Directions: Below are entries to be transcribed exactly; exclude the pictures from the copy.

Task data:
■ ■ ■ ■ ■
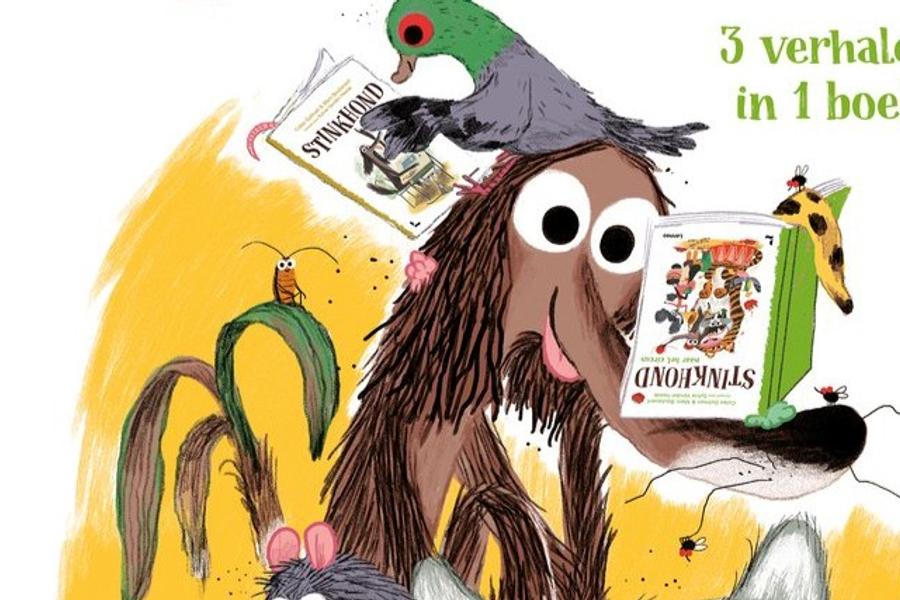 Vrolijke illustratie van de slungelige hond Stinkhond, omringd door dieren die allemaal een boek lezen. Op zijn kop zit een duif met een open boek, in zijn poten houdt de hond zelf een boek vast en een giraffe kijkt mee. Ook kleine insecten zitten op en rond hem. 
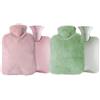 Abiyou 2 Pezzi Borsa Acqua Calda, 2L Borsa dell'Acqua Calda, Borsa dell'Acqua Calda con Peluche Morbida Copertura, Borsa Acqua Calda Peluche, per Adulti Maschi e Femmine (Rosa + Verde)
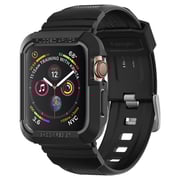 Spigen Rugged Armor PRO Designed for Apple Watch Band with Case for Series 9/8/7 (45mm) and Series SE2/6/SE/5/4 (44mm) - Black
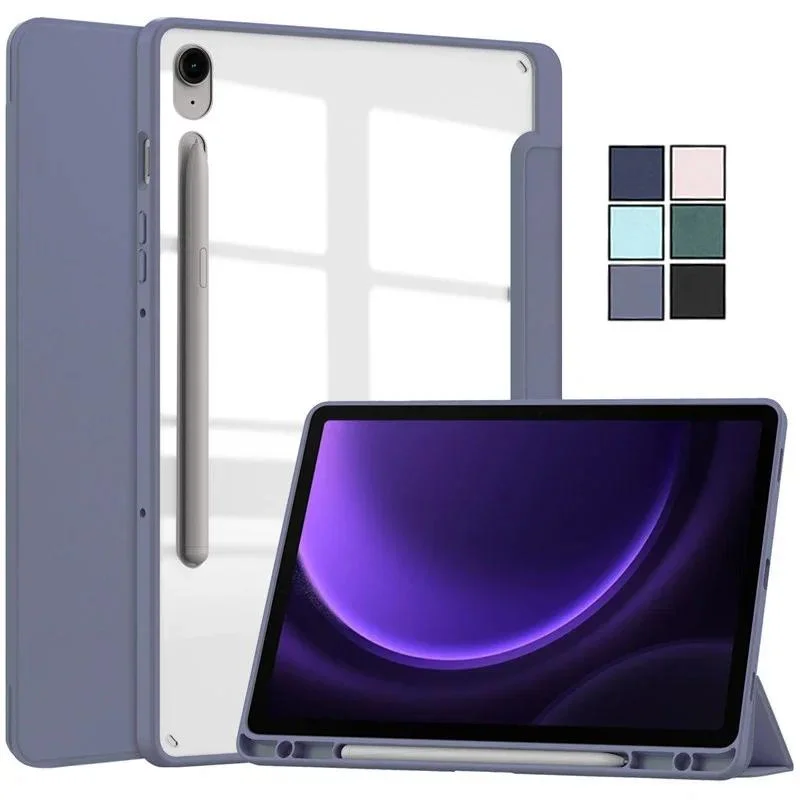 

For Samsung Tab S9 FE Case with Pen Holder 10.9 Flip Stand Clear Back Magnetic Smart Shell for Galaxy Tab S9 FE Plus 12.4 Cover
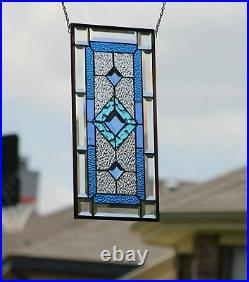 Beveled Stained Glass Window Panel, 20.5x10.5 At SEA-Ready to Hang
■ ■ ■ ■ ■
Result of this task:
 Vrolijke illustratie van de slungelige hond Stinkhond, omringd door dieren die allemaal een boek lezen. Op zijn kop zit een duif met een open boek, in zijn poten houdt de hond zelf een boek vast en een giraffe kijkt mee. Ook kleine insecten zitten op en rond hem. 
 Abiyou 2 Pezzi Borsa Acqua Calda, 2L Borsa dell'Acqua Calda, Borsa dell'Acqua Calda con Peluche Morbida Copertura, Borsa Acqua Calda Peluche, per Adulti Maschi e Femmine (Rosa + Verde)
 Spigen Rugged Armor PRO Designed for Apple Watch Band with Case for Series 9/8/7 (45mm) and Series SE2/6/SE/5/4 (44mm) - Black

For Samsung Tab S9 FE Case with Pen Holder 10.9 Flip Stand Clear Back Magnetic Smart Shell for Galaxy Tab S9 FE Plus 12.4 Cover
 Beveled Stained Glass Window Panel, 20.5x10.5 At SEA-Ready to Hang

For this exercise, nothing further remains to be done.